The oldest things are all invented
Emblema 181.
Pallenaee senex, cui forma est histrica Proteu,[1]
Qui modo membra viri fers, modo membra feri:
Dic age, quae species ratio te vertit in omnes,
Nulla sit ut vario certa figura tibi?
Signa vetustatis, primaevi & praefero secli,[2]
De quo quisque suo somniat arbitrio.
Proteus, old man of Pallene, whose outward appearance changes like an actor’s, assuming sometimes the body of a man, sometimes that of a beast, come, tell me, what is your reason for turning into all kinds of shapes, so that you have no permanent form as you constantly alter? I offer symbols of antiquity and the very first times, concerning which everyone dreams up what he will.

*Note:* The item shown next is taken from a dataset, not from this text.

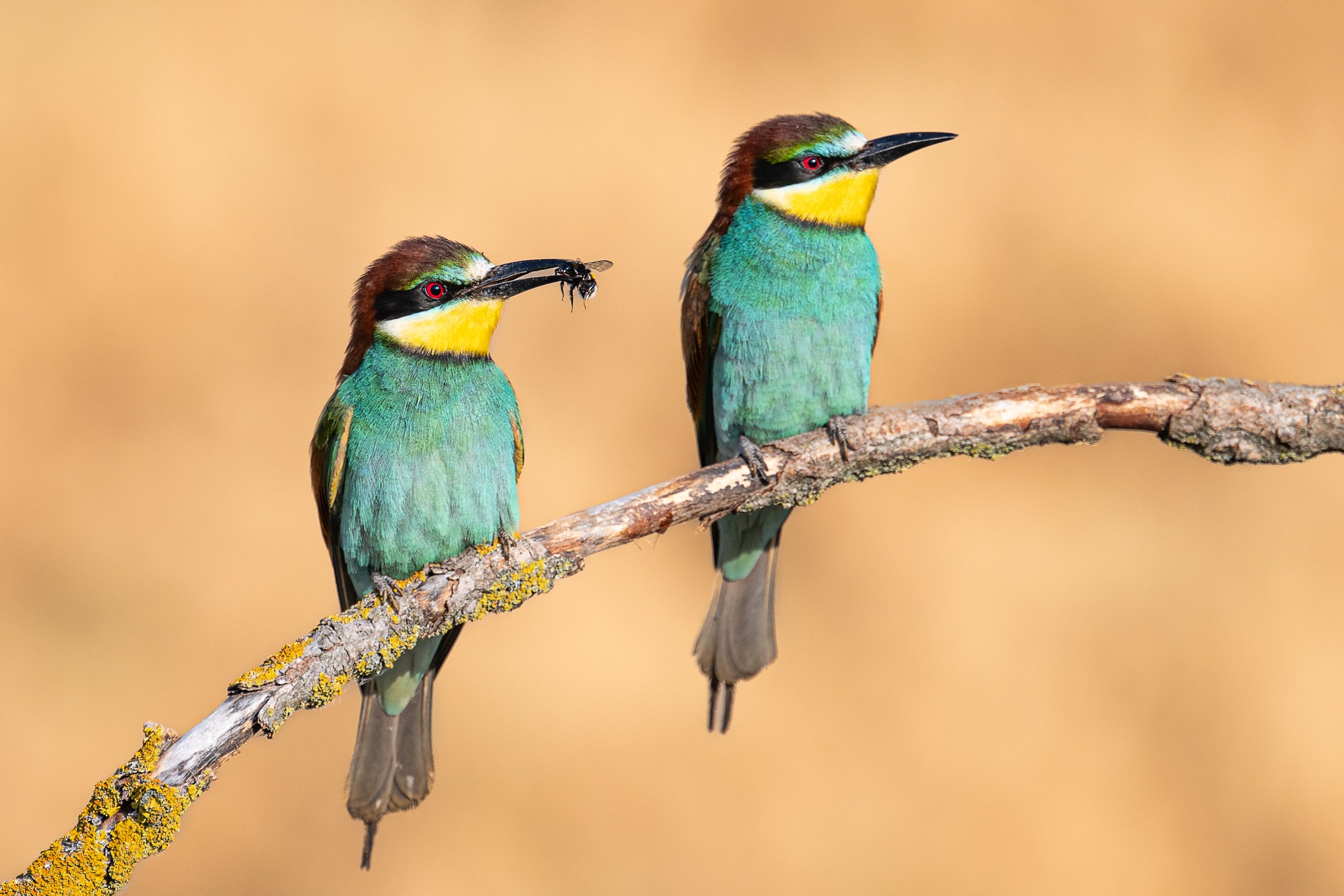 beeeater, bijeneters, Hongarije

1. Proteus was ‘the Old Man of the Sea’, who evaded capture by constantly changing his shape. See e.g. Homer, Odyssey, 4.400ff.; Vergil, Georgics, 4. 405-10, 440-2; Erasmus, Adagia, 1174 (Proteo mutabilior). Vergil (Georgics, 4.391) describes him living near the headland of Pallene (on the Macedonian coast). The idea of Proteus as a gifted actor or mime-artist is taken from Lucian, Saltatio, 19.
2. signa vetustatis primaevi et...secli, ‘symbols of antiquity and the very first times’. Pallene (see n.1.) suggested a connection with the Greek word παλαιός ‘ancient’, as the name Proteus was supposedly connected with πρώτιστος, ‘the very first’.